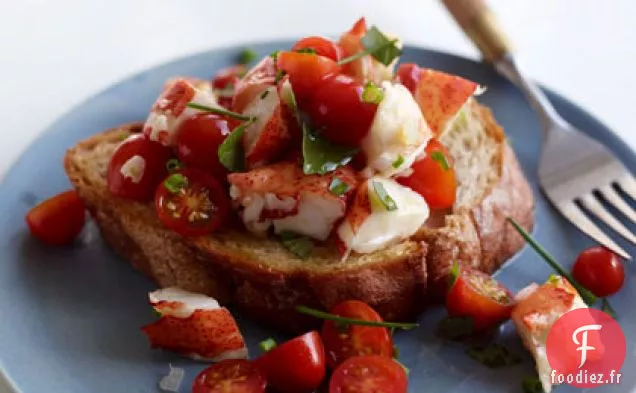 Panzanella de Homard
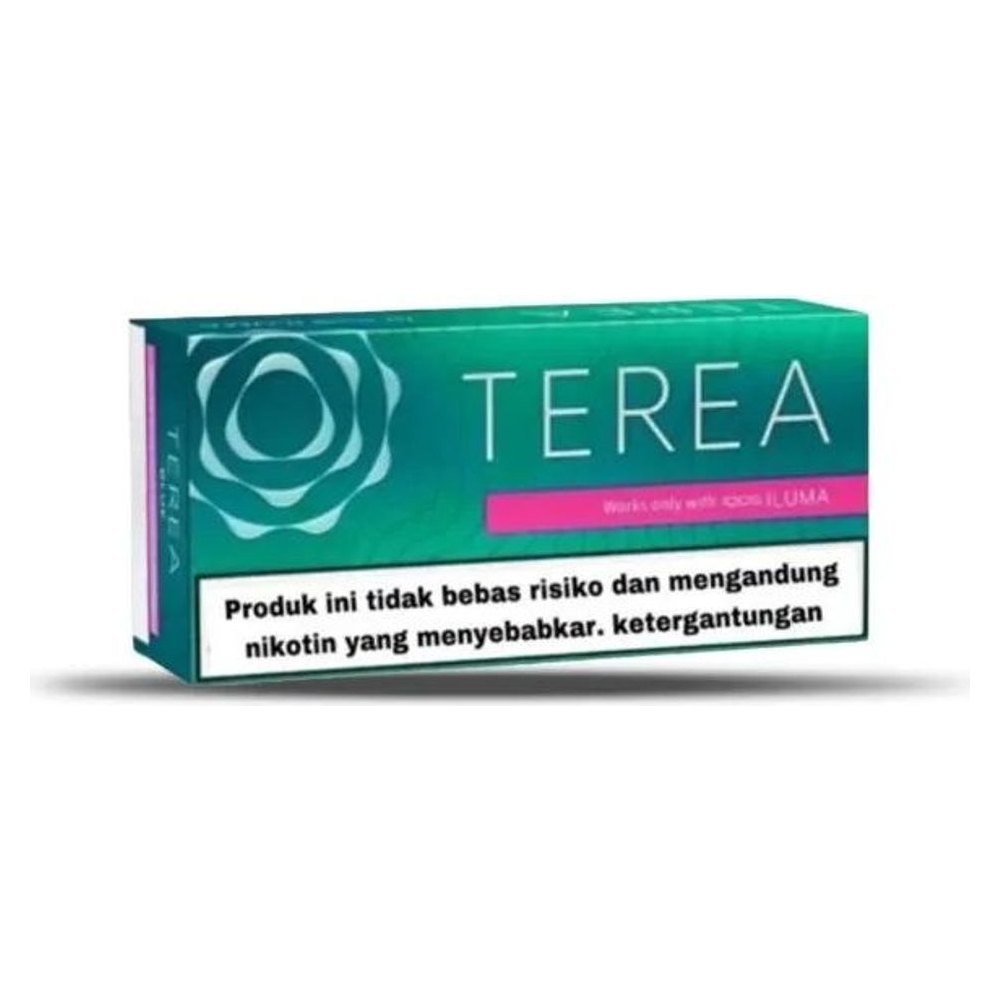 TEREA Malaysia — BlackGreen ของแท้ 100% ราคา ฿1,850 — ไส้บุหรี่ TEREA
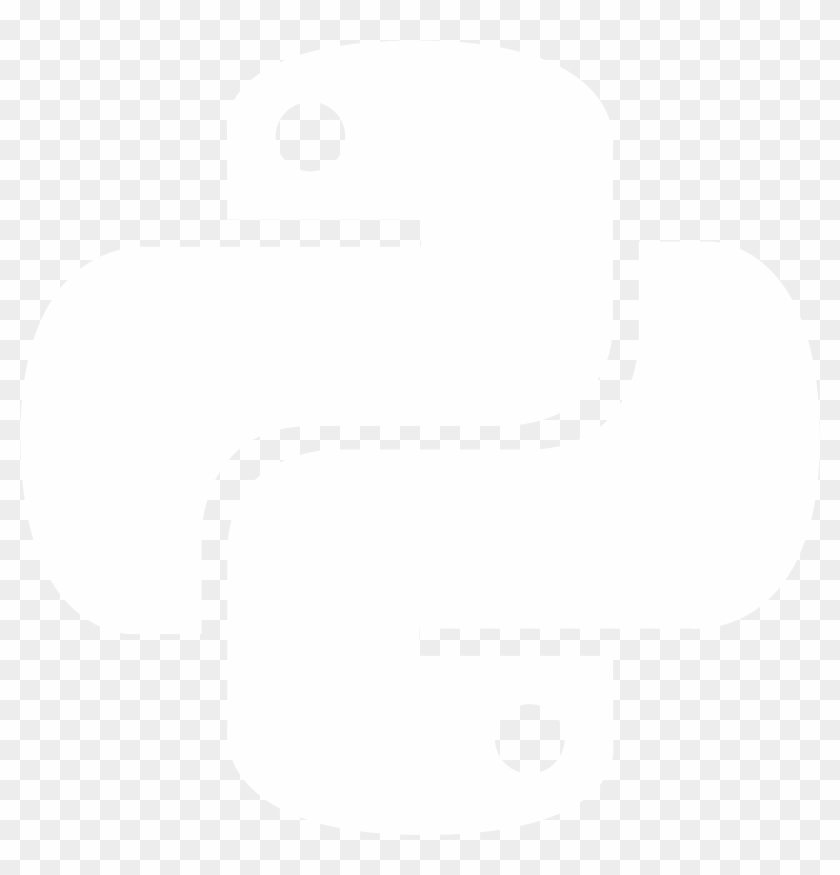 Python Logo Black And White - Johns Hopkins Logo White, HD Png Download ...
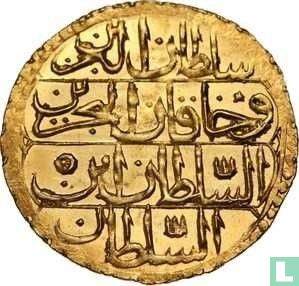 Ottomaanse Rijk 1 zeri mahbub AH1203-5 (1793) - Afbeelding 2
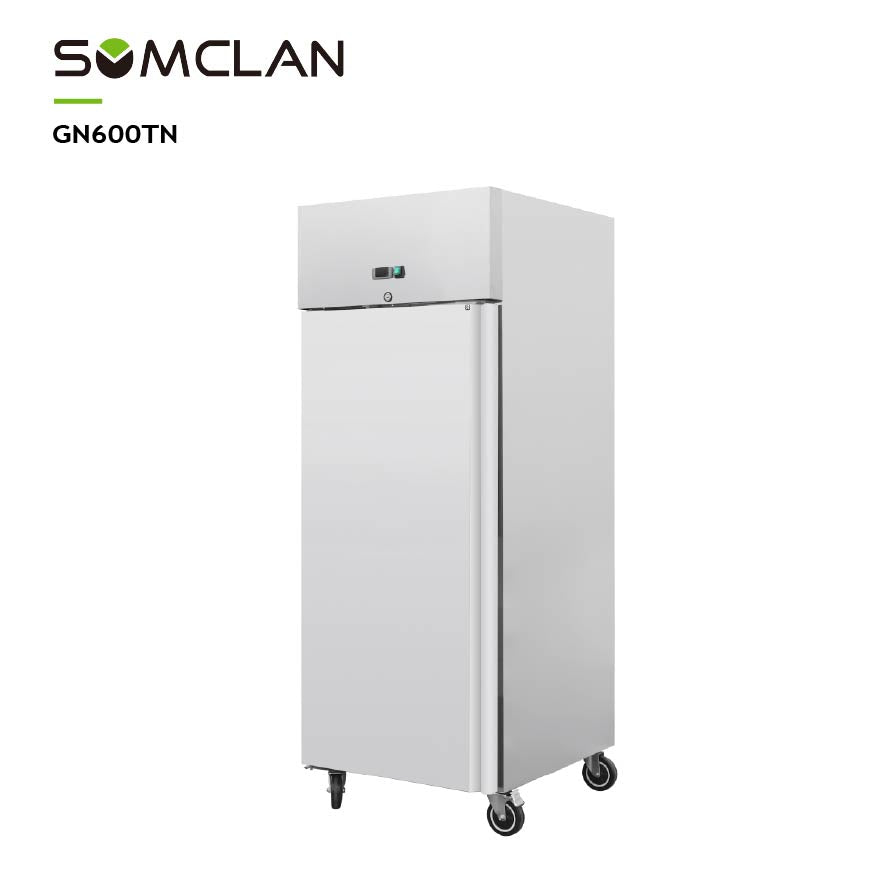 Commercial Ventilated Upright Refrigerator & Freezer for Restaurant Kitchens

########################################

**Task instructions**
Leave every image out when you return the material above word for word.

**Response to this task**
 Panzanella de Homard
 TEREA Malaysia — BlackGreen ของแท้ 100% ราคา ฿1,850 — ไส้บุหรี่ TEREA
 Python Logo Black And White - Johns Hopkins Logo White, HD Png Download ...
 Ottomaanse Rijk 1 zeri mahbub AH1203-5 (1793) - Afbeelding 2
 Commercial Ventilated Upright Refrigerator & Freezer for Restaurant Kitchens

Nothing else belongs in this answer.